Refactoring of heapam code.

From: Anastasia Lubennikova <a(dot)lubennikova(at)postgrespro(dot)ru>
To: pgsql-hackers <pgsql-hackers(at)postgresql(dot)org>
Subject: Refactoring of heapam code.
Date: 2016-08-05 07:54:00
Message-ID: d7e41e76-e565-8bc0-4e97-bd3d127a7507@postgrespro.ru
Views: Raw Message | Whole Thread | Download mbox | Resend email
Thread:
Lists: pgsql-hackers

Working on page compression and some other issues related to
access methods, I found out that the code related to heap
looks too complicated. Much more complicated, than it should be.
Since I anyway got into this area, I want to suggest a set of improvements.

There is a number of problems I see in the existing code:
Problem 1. Heap != Relation.

File heapam.c has a note:
* This file contains the heap_ routines which implement
* the POSTGRES heap access method used for all POSTGRES
* relations.
This statement is wrong, since we also have index relations,
that are implemented using other access methods.

Also I think that it's quite strange to have a function heap_create(),
that is called
from index_create(). It has absolutely nothing to do with heap access
method.

And so on, and so on.

One more thing that requires refactoring is "RELKIND_RELATION" name.
We have a type of relation called "relation"...

Problem 2.
Some functions are shared between heap and indexes access methods.
Maybe someday it used to be handy, but now, I think, it's time to separate
them, because IndexTuples and HeapTuples have really little in common.

Problem 3. The word "heap" is used in many different contexts.
Heap - a storage where we have tuples and visibility information.
Generally speaking, it can be implemented over any data structure,
not just a plain table as it is done now.

Heap - an access method, that provides a set of routines for plain table
storage, such as insert, delete, update, gettuple, vacuum and so on.
We use this access method not only for user's tables.
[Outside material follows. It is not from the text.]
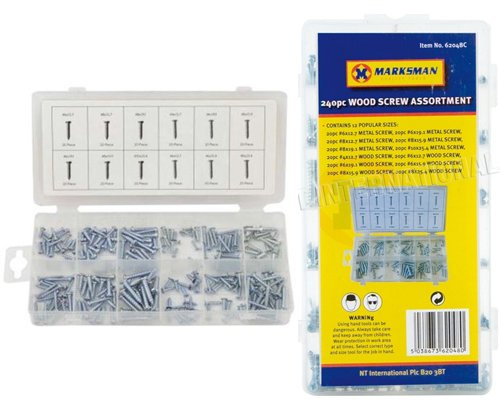 240PC Metal and Wood Screw Assortment DIY Set in CASE Hardware Quality Storage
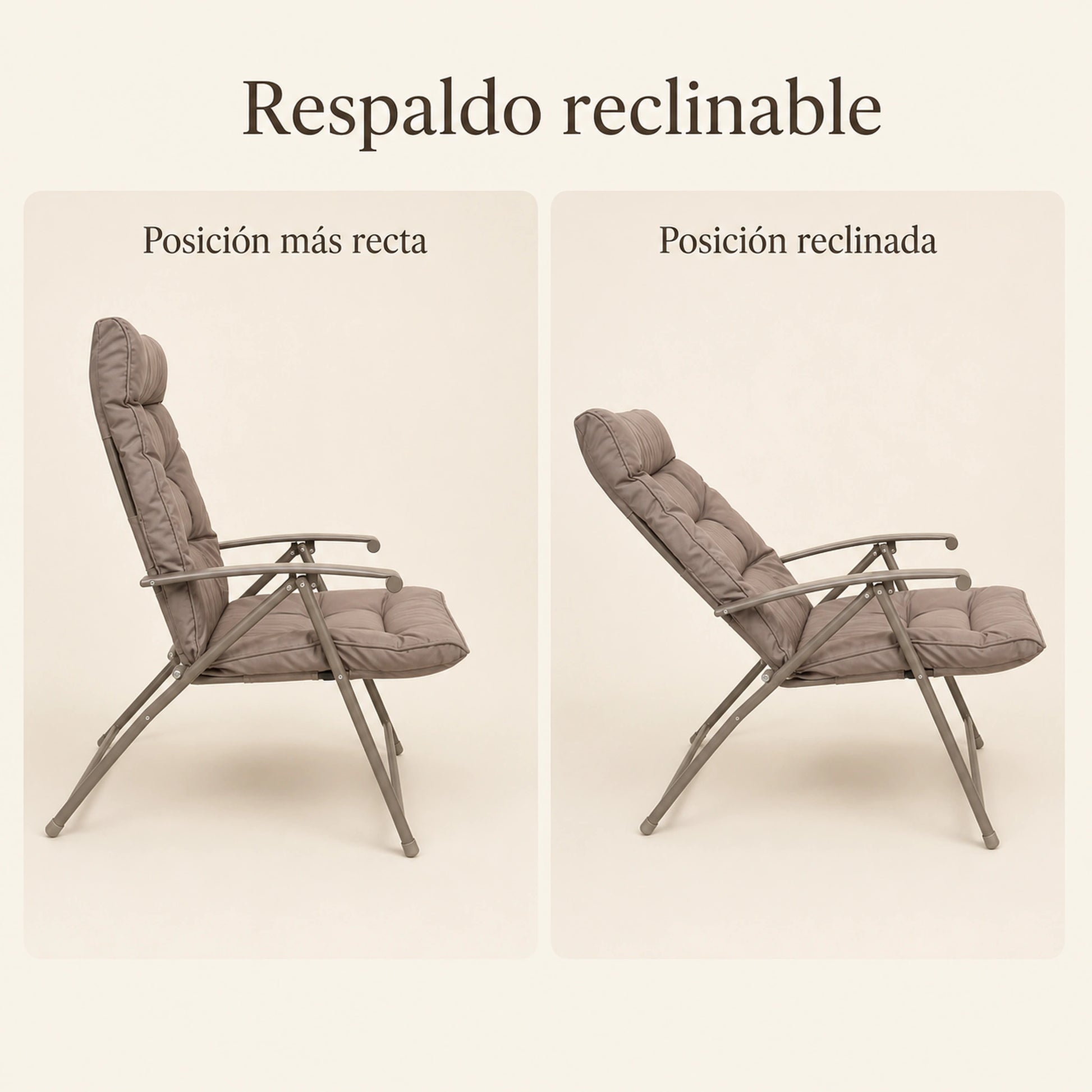 Silla reclinable Taupe mostrando las distintas posiciones de respaldo ajustable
There are many types of relations (pg_class.h):
#define RELKIND_RELATION 'r' /* ordinary table */
#define RELKIND_INDEX 'i' /* secondary index */
#define RELKIND_SEQUENCE 'S' /* sequence object */
#define RELKIND_TOASTVALUE 't' /* for out-of-line
values */
#define RELKIND_VIEW 'v' /* view */
#define RELKIND_COMPOSITE_TYPE 'c' /* composite type */
#define RELKIND_FOREIGN_TABLE 'f' /* foreign table */
#define RELKIND_MATVIEW 'm' /* materialized view */

They can be logically separated into three categories:
"primary storage" - r, S, t, v. They store data and visibility information.
The only implementation is heapam.c
"secondary index" - i. They store some data and pointers to primary storage.
Various existing AMs and managed by AM API.
"virtual relations" - c, f, m. They have no physical storage, only entries
in caches and catalogs.

Now, for some reasons, we sometimes use name "heap" for both
"primary storage" and "virual relations". See src/backend/catalog/heap.c.
But some functions work only with "primary storage". See pgstat_relation().
And we constantly have to check relkind everywhere.
I'd like it would be clear from the code interface and naming.

So there is a couple of patches. They do not cover all mentioned problems,
but I'd like to get a feedback before continuing.

Patch 1:
There is a macro "PageGetItem" in bufpage.h that is used to retrieve an item
from the given page. It is used for both heap and index tuples.
It doesn't seems a problem, until you are going to find anything in this
code.

The first patch "PageGetItem_refactoring.patch" is intended to fix it.
It is just renaming:
(IndexTuple) PageGetItem ---> PageGetItemIndex
(HeapTupleHeader) PageGetItem ---> PageGetItemHeap
Other types of tuples (BrinTuple, SpGistInnerTuple, SpGistLeafTuple,
SpGistDeadTuple)
still use PageGetItem.

I also changed functions that do not access tuple's data, but only need
HeapTupleHeader fields. They use a macro PageGetItemHeapHeaderOnly.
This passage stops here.